Let me start with a digression...

Abstractions and generalizations

Abstractions and generalizations are two different things, but they commonly appear together. One funny way to think about them is to regard abstraction as a kind of weird existential quantifier, while generalization would be a universal one. To give an example, for a statement:

$$\text{Any group of order $3$ is cyclic.}$$

an abstraction could be

$$\text{There exists a prime number $p$ such that any group of order $p$ is cyclic.}$$

generalization only would be

$$\text{Any group of order $2$, $3$ or $5$ is cyclic.}$$

finally using both might give

$$\text{For any prime number $p$, any group of order $p$ is cyclic.}$$

While the "universal quantifier" in the last statement is apparent, it is not so obvious in the generalization-only example; but it is there:

$$\text{For any number $n \in \{2,3,5\}$, any group of order $n$ is cyclic.}$$

The takeaway is:

  • Abstractions and generalizations may appear separately.
  • But, the most useful setting is where there are both.
  • "Natural" generalization (i.e. one which is handled uniformly, does not involve cases, etc.) implies some abstraction (perhaps stupid, but still).
  • Non-trivial abstraction (i.e. which has more than one instance) imply some generalization (also, might be stupid).

Why to use abstractions

There are two main reasons to use abstractions:

  • To blur out unnecessary details.
  • To prepare for generalizations.

While the first one is more obvious, it is rare that students will approach problems of complexity so high that would warrant use of abstractions. Most of topics are usually given in small, digestible chunks, the abstractions being often already overlaid on the content. It seems a lost cause: either the problem would be easy enough to be able to keep track of all the details, or it would be so complex that the weaker students would be lost before it even started. There are cases like random variables where abstraction visibly makes things simpler, but is it necessary?

And here there comes the justification of that lengthy introduction. The easiest way to show why abstractions are useful, in my opinion, is through the generalizations they provide. In other words, it is impractical to use multiple different cases, and any proof that handles various objects in a uniform way has to use some form of abstraction. Fortunately there are accessible examples of this.

Examples of abstractions at work

  1. The best example I know in computer science comes from this post by Dan Piponi. It is not an elementary problem, but I've used it several times to great effect. I recommend it very much!

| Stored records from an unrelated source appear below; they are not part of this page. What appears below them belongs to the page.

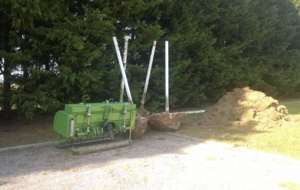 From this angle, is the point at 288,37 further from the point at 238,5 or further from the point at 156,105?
the point at 156,105

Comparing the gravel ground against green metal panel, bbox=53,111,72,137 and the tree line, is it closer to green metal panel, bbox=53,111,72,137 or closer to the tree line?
green metal panel, bbox=53,111,72,137

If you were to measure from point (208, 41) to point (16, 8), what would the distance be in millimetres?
7623

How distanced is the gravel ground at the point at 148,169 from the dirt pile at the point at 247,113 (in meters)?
2.56

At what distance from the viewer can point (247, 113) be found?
26.5 feet

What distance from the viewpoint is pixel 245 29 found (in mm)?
14383

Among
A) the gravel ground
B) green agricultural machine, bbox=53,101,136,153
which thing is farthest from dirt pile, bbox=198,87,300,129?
green agricultural machine, bbox=53,101,136,153

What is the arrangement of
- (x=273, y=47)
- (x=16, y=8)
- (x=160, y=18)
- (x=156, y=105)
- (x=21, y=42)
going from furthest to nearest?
1. (x=273, y=47)
2. (x=160, y=18)
3. (x=156, y=105)
4. (x=21, y=42)
5. (x=16, y=8)

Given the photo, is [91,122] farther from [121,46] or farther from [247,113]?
[247,113]

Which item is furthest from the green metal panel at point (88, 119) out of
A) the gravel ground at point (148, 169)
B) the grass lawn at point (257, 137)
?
the grass lawn at point (257, 137)

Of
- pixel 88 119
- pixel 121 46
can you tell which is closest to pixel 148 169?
pixel 88 119

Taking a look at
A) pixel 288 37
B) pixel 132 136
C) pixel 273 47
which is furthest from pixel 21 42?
pixel 288 37

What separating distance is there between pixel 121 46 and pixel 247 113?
4771 millimetres

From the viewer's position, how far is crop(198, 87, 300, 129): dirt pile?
7.75 metres

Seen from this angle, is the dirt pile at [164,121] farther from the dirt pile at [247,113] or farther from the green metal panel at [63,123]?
the green metal panel at [63,123] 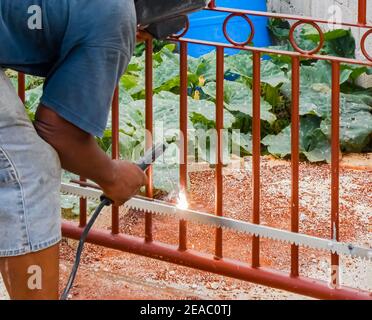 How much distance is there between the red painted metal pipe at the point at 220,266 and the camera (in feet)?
9.48

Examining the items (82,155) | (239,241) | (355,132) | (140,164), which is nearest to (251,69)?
(355,132)

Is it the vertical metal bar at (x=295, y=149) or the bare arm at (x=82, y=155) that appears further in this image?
the vertical metal bar at (x=295, y=149)

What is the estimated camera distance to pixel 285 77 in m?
6.01

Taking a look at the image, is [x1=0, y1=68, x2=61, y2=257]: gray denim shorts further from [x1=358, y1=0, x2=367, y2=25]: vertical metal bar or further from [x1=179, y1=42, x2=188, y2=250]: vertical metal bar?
[x1=358, y1=0, x2=367, y2=25]: vertical metal bar

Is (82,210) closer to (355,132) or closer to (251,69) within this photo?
(355,132)

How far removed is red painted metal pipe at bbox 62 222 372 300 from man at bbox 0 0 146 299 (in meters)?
0.97

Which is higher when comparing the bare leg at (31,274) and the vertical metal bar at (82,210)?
the bare leg at (31,274)

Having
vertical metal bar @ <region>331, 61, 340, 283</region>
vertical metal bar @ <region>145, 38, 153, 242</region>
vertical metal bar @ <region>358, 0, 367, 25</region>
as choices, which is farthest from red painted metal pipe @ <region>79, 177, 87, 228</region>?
vertical metal bar @ <region>358, 0, 367, 25</region>

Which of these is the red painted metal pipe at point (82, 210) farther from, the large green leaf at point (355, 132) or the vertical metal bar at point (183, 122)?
the large green leaf at point (355, 132)

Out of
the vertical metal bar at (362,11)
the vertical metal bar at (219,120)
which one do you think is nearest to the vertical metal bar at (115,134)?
the vertical metal bar at (219,120)

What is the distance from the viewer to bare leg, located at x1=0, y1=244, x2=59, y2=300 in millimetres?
2109

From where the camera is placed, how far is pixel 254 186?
9.87 feet

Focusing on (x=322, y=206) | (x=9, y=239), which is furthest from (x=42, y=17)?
(x=322, y=206) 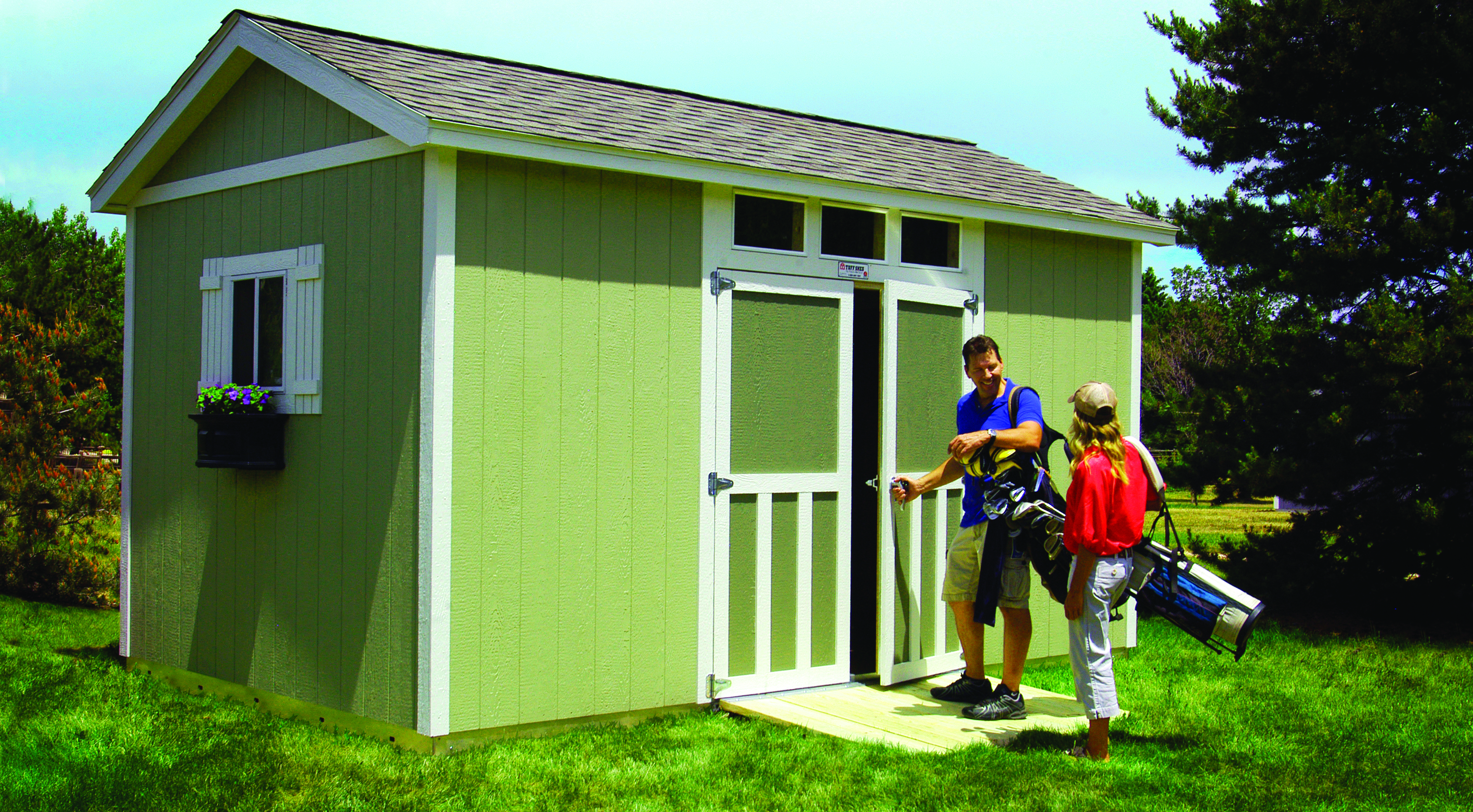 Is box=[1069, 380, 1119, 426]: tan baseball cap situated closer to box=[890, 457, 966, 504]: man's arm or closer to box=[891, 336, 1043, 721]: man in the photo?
box=[891, 336, 1043, 721]: man

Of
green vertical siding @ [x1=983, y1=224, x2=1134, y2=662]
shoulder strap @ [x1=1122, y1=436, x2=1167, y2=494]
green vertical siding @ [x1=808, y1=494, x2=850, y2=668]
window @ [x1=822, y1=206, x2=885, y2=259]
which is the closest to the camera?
shoulder strap @ [x1=1122, y1=436, x2=1167, y2=494]

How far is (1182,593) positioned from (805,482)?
1994 millimetres

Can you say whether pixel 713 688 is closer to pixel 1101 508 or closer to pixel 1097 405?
pixel 1101 508

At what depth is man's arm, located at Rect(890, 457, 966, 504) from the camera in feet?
18.7

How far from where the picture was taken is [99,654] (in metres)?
7.88

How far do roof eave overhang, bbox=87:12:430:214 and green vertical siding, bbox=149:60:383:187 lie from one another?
0.26ft

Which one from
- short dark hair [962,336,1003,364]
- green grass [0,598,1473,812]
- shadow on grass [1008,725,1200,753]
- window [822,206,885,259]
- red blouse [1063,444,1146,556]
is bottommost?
green grass [0,598,1473,812]

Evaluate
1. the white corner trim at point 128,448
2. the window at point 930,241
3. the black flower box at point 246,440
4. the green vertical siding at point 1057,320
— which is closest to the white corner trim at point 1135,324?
the green vertical siding at point 1057,320

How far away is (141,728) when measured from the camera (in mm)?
5570

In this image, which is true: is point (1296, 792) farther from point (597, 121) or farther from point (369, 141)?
point (369, 141)

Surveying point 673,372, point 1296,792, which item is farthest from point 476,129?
point 1296,792

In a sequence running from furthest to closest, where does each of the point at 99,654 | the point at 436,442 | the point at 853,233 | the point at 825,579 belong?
1. the point at 99,654
2. the point at 853,233
3. the point at 825,579
4. the point at 436,442

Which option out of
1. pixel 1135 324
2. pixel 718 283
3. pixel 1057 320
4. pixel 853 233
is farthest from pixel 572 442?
pixel 1135 324

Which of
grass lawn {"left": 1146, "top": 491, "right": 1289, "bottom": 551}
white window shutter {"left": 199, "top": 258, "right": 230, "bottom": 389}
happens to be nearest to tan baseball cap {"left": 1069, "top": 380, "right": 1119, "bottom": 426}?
white window shutter {"left": 199, "top": 258, "right": 230, "bottom": 389} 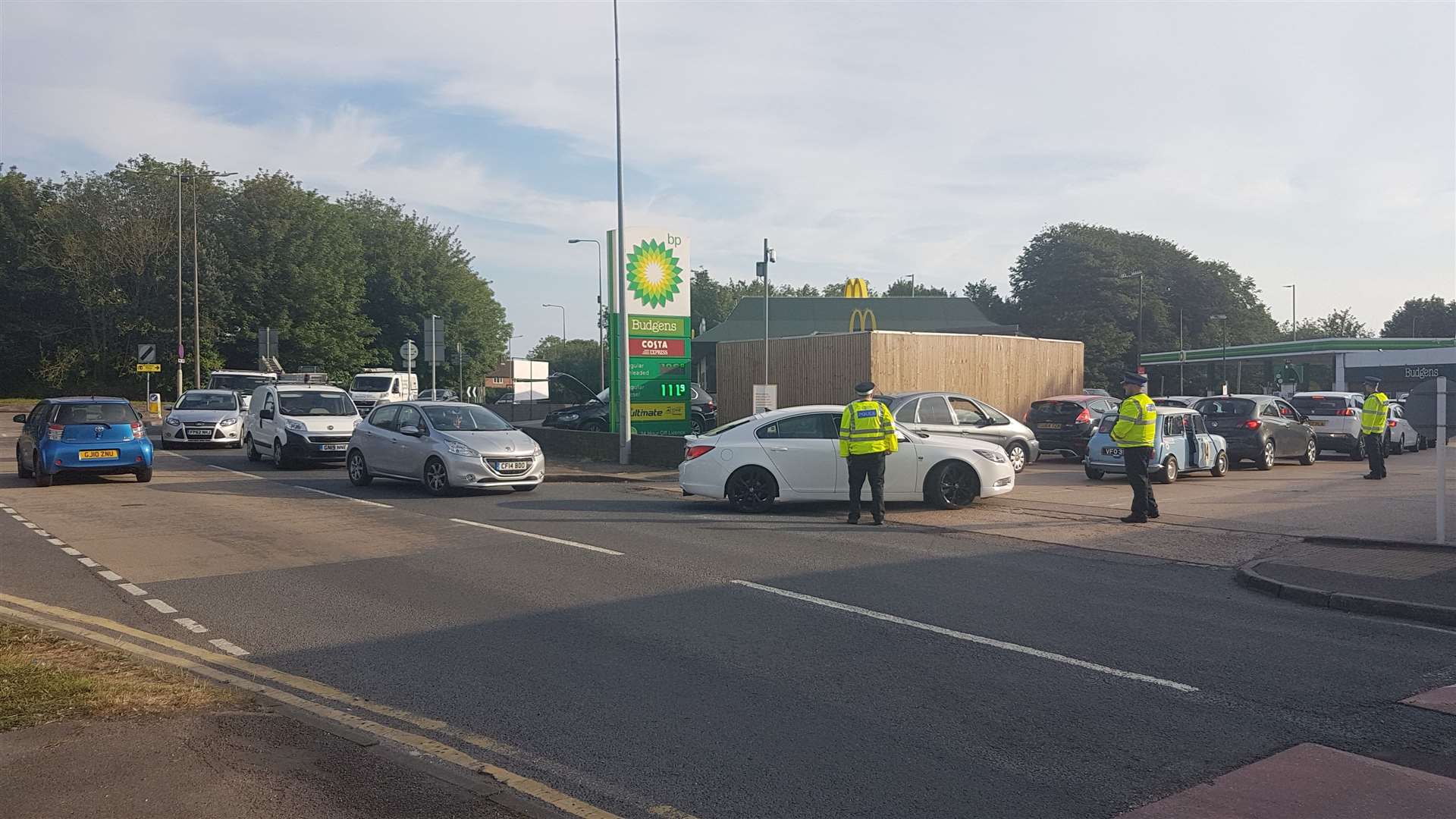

  2. Basic example in mathematics might be in calculating $$\int_{-\pi}^{\pi} \sin^3 t \cdot \cos t\ \mathrm{d}t.$$ One can do it by parts, but it's easier to abstract $\sin$ and $\cos$ as odd and even functions and conclude that the integral is zero almost immediately.

  3. Similar example might be with proving that $(x-a)^3 + (x-b)^3 + (x-c)^3 = 0$ has only one real root by observing that $x \mapsto x^3$ is strictly increasing.

  4. Induction is a great source of examples of generalizations. For example, to prove that $$4 \mid 5^{2014}-1$$ we generalize to $4 \mid 5^n - 1$ and argue by $5^{n+1} - 1 = 5\cdot (5^n-1) + 4$.

    There is even a nicer example with covering the chessboard with L-shaped trominos, e.g. see here.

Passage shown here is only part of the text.